Depuis le référendum de juin 2016 qui a décidé la sortie du Royaume-Uni de l'UE, Jeremy Corbyn a entretenu l'ambiguïté face au Brexit, dans un parti aux députés très majoritairement europhiles.
Il a résisté aux pressions de la base du parti et des syndicats qui souhaitent un nouveau référendum sur le sujet. Mais il a précisé au fur et à mesure sa position, appelant à un accord de retrait qui maintienne l'union douanière avec l'UE et améliore les droits des travailleurs.
Personne ne donnait cher de sa peau, pourtant, lorsqu'il a remporté à la surprise générale le vote des adhérents du parti en 2015. Considéré comme un rêveur gauchisant, le presque septuagénaire à la barbe blanche a pourtant survécu à maintes cabales et assis son autorité, avec le soutien indéfectible d'un mouvement, "Momentum", situé très à gauche au sein du Labour.

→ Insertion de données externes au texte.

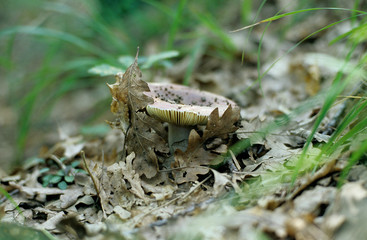 APPENNINO TOSCO EMILIANO
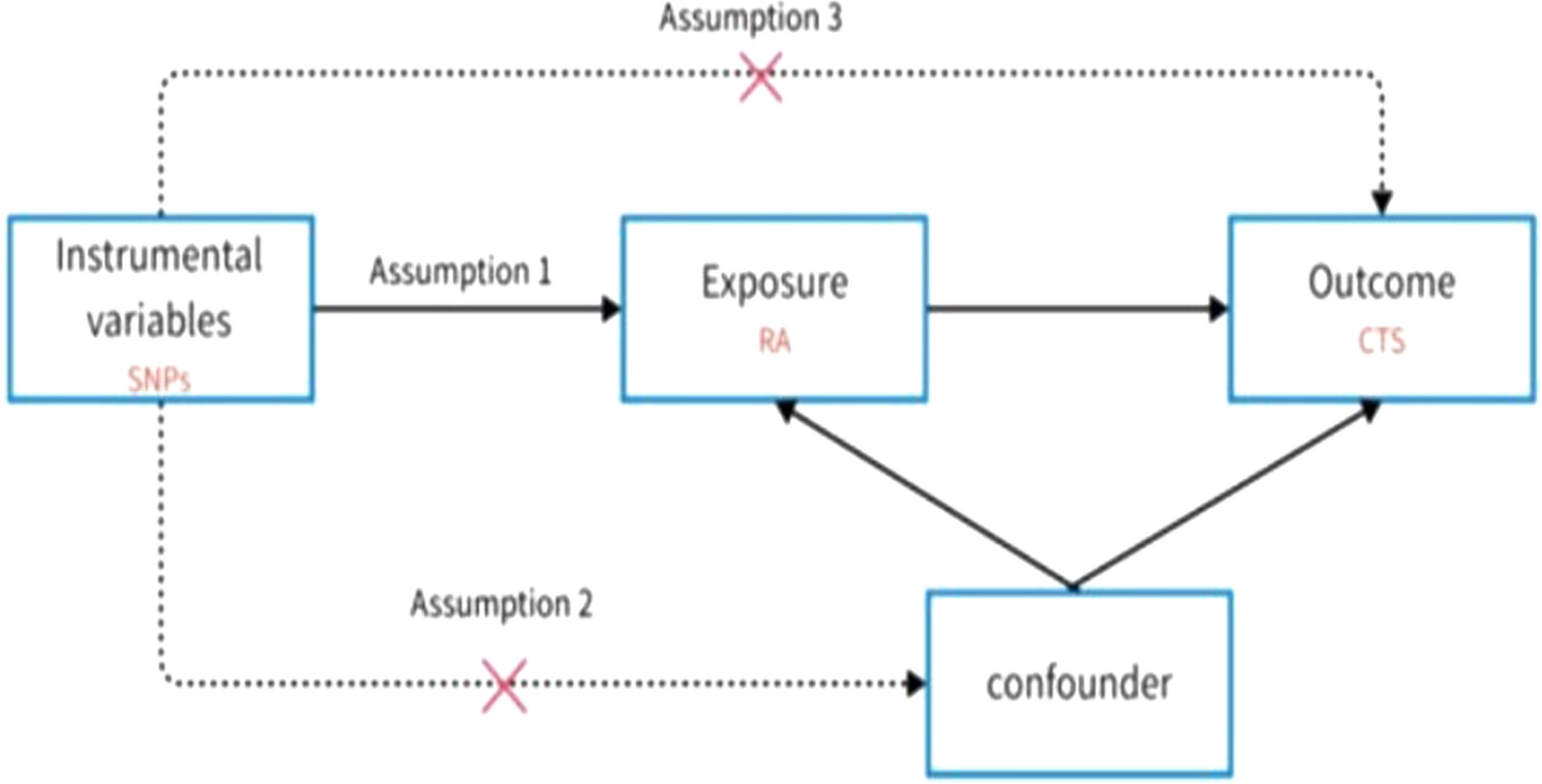Causal relationship between rheumatoid arthritis and carpal tunnel syndrome: a bidirectional two-sample Mendelian randomization study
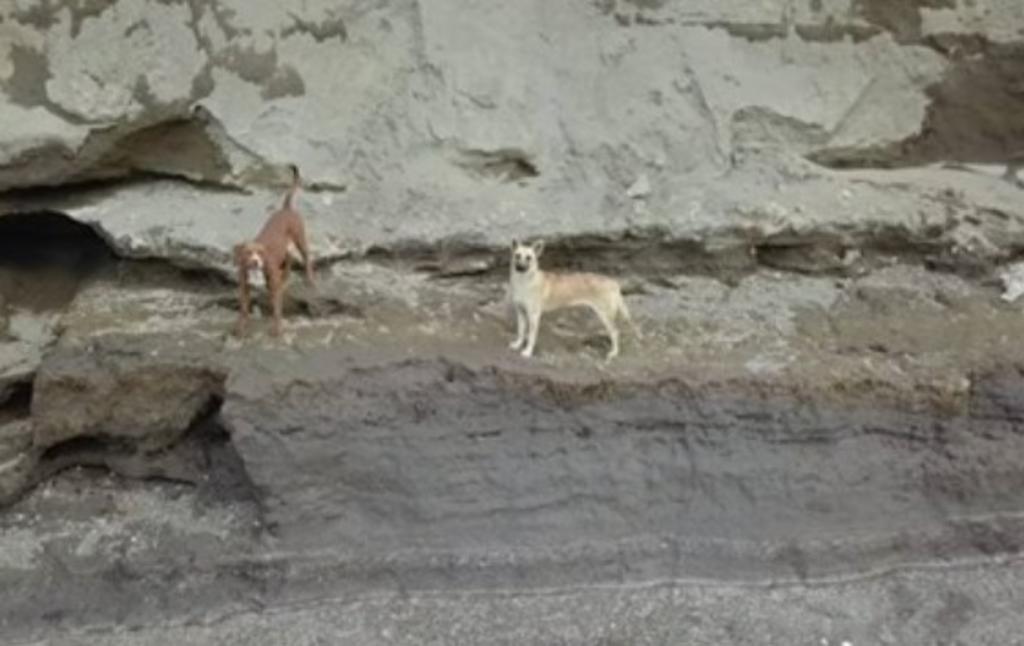¡Se logró!; rescatistas salvan a los dos perritos atrapados en socavón de Puebla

"Il a un contrôle total sur le parti à l'exception de la question du Brexit" sur lequel les voix dissonantes se font entendre, soulignait pour l'AFP Tim Bale, professeur à l'Université Queen Mary de Londres. Car "à la fois la base et certains syndicats aimeraient clairement que le Labour fasse évoluer sa position en essayant d'arrêter le Brexit, par exemple en soutenant un second référendum".
Le leader travailliste a plutôt mis l'accent sur les sujets sociaux, comme la lutte contre le chômage ou la pauvreté. Défendant une hausse des investissements publics, la renationalisation de certains services comme le chemin de fer, ou le contrôle des loyers, Jeremy Corbyn a pris pour principale cible les mesures d'austérité du gouvernement conservateur de Theresa May.

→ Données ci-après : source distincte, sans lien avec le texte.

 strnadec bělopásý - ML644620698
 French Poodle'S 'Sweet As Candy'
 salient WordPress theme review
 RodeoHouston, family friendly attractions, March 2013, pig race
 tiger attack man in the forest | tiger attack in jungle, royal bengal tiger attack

Né le 26 mai 1949, Jeremy Corbyn a développé son sens de l'engagement politique auprès de ses parents, un ingénieur et une enseignante, tombés amoureux lors d'une manifestation contre la guerre civile espagnole.

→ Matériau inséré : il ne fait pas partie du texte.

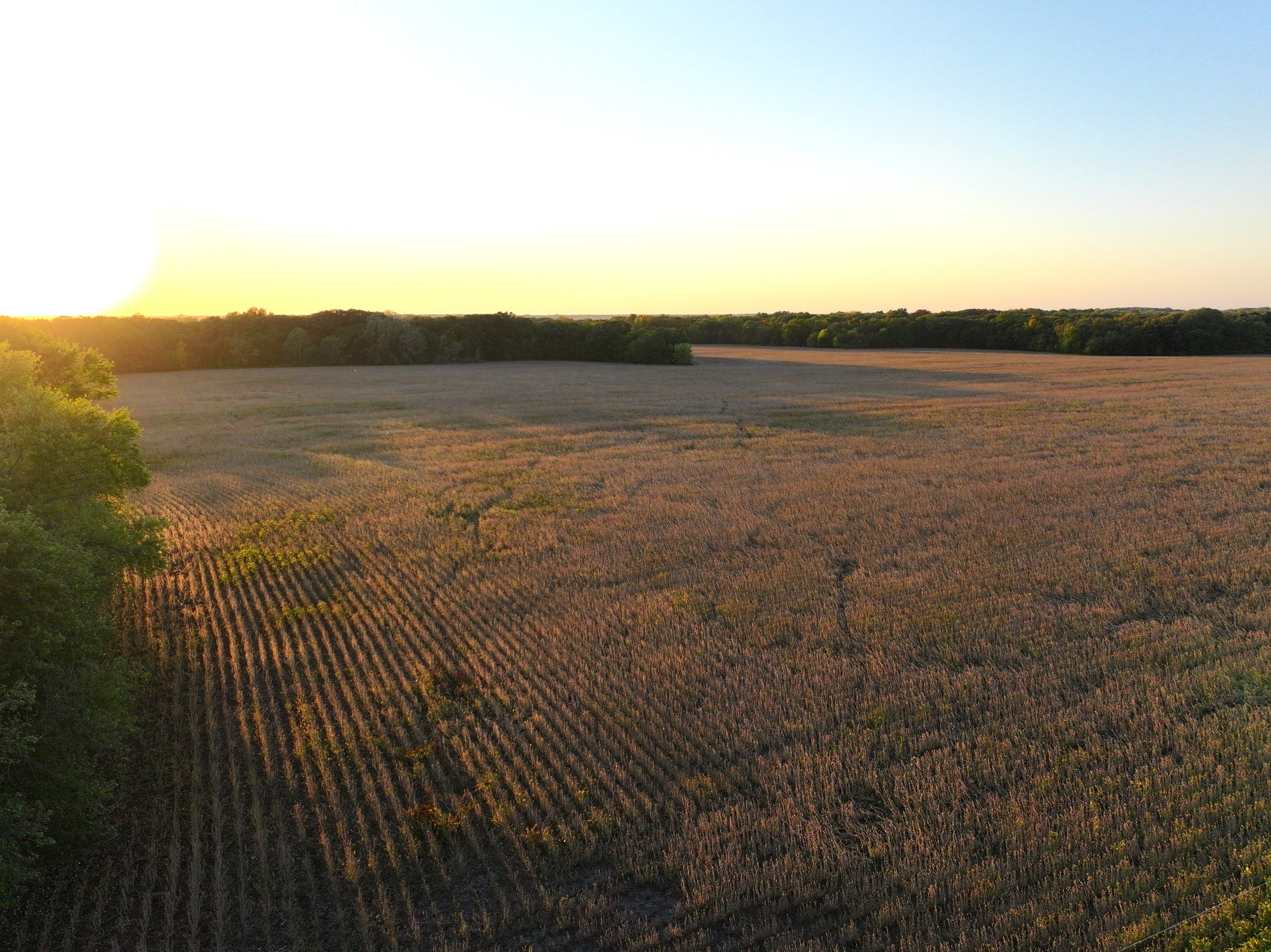 Hamilton County Iowa Farmland For Sale Hunting Tillable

Élevé dans l'ouest de l'Angleterre, il ne se passionne guère pour les études. Bac en poche, il part deux ans en Jamaïque pour le compte d'une association caritative. À son retour, il s'installe à Islington, quartier du nord de Londres, à l'époque coeur de la contestation gauchiste.
Militant syndical, il est élu depuis 1983 député de cette circonscription, où il vit toujours dans une maison modeste, avec sa troisième épouse, une Mexicaine de vingt ans sa cadette. Il a trois fils.
Végétarien, Corbyn confiait au Guardian en 2015 mener une vie "très normale", lui qui continue de se déplacer à vélo.
Après des années marquées par la ligne centriste imposée par Tony Blair, il a dû se battre pour imposer sa vision de gauche et affronter une partie de l'appareil travailliste refusant d'être dirigée par un rebelle. Il avait en effet voté 533 fois contre la ligne du parti depuis 1997.
Dissensions, polémiques: la fronde culmine après le vote sur la sortie de l'UE. Accusé de n'avoir pas fait assez pour empêcher le Brexit, Corbyn essuie une motion de défiance un an après son élection. Mais il y survit.
En juin 2017, il est à la surprise générale le grand gagnant des législatives, améliorant le score du Labour, alors qu'il était raillé au sein même de son parti. Theresa May perd alors sa majorité.
Son parti n'arrive toutefois pas à percer dans les sondages depuis, alors même que les conservateurs se déchirent autour du Brexit.
Son positionnement effraye les électeurs plus modérés, et il est un véritable épouvantail pour les milieux économiques. Son image a aussi été ternie par plusieurs affaires d'antisémitisme au sein de son parti, qu'il est accusé de ne pas avoir combattu.